Pero ahora la diferencia se ha reducido un poco. A cubierto de los F-16 en mi casa bien caldeada, estremecido y avergonzado, siento la satisfacción de que los israelíes hayan renunciado a su impunidad divina y hayan entrado en Gaza también por tierra. Todavía inconmesurablemente superiores, se mueven en todo caso a ras de suelo y se vuelven por ello un poco palestinos, un poco humanos, un poco vulnerables; quizás esté incluso justificado matarlos. Quizás incluso mueran unos pocos. Quizás -ojalá-, en vez de miedo o admiración, algunos lleguen a inspirarnos también piedad.

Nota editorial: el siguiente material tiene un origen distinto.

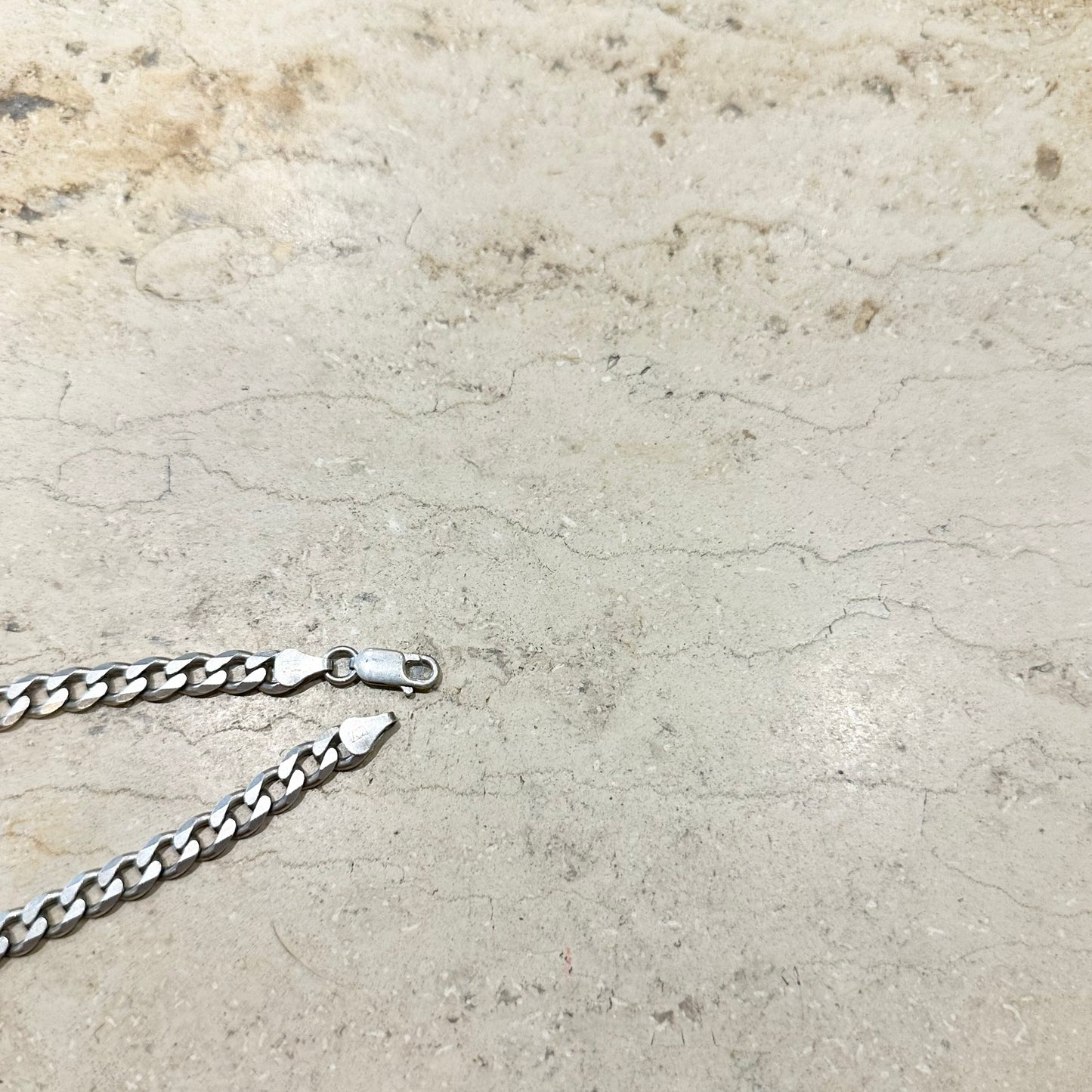 925 Silver Bracelet Italy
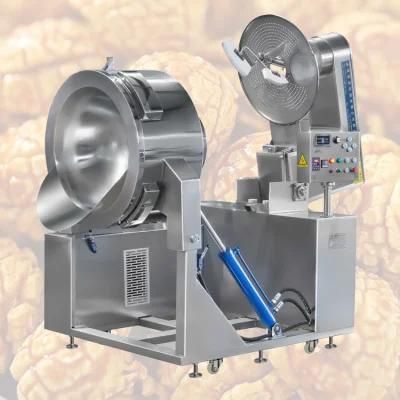 China Factory Manufactured Automatic Ce SGS Electric Commercial Caramel Mushroom Ball ...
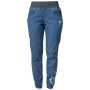 Vaqueros de mujer Rafiki Chain azul denim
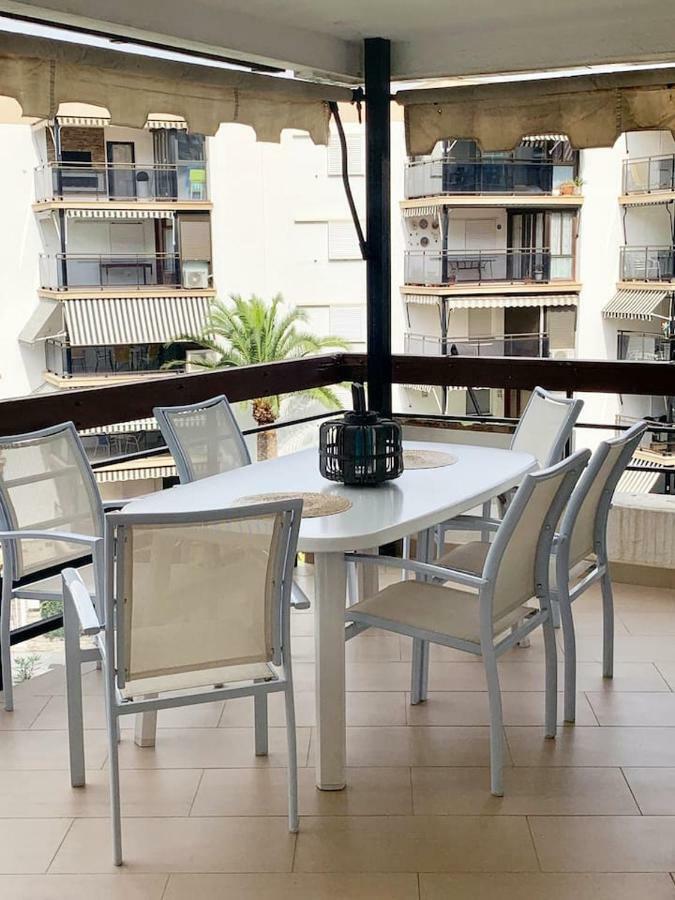Formentor Beach Primera Linea De Playa Apartment Salou Ngoại thất bức ảnh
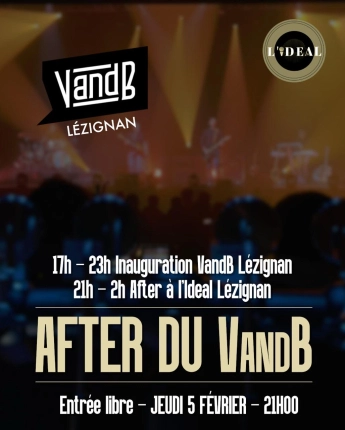 After du VandB - Lezignan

Lo «desproporcionado» se llama Dios; lo «proporcionado» se llama justicia humana. Lo «proporcionado divino» es la belleza; lo «desproporcionado humano» es la compasión. Tal vez en los próximos días veamos por fin la imagen de un tanque israelí destruido por los heroicos defensores de Gaza y nos dejemos llevar luego, tras la alegría, por la desproporción de la compasión -inesperada, incomprensible, irracional- frente al cuerpo de un soldado israelí prisionero o muerto. En ausencia de proporciones, en ausencia de justicia, asesinos ahora expuestos al débil, feo y valiente fuego defensivo, quizás los sionistas, muertos, prisioneros o heridos, posados dolorosamente en tierra, nos parezcan por fin -por primera vez- humanos.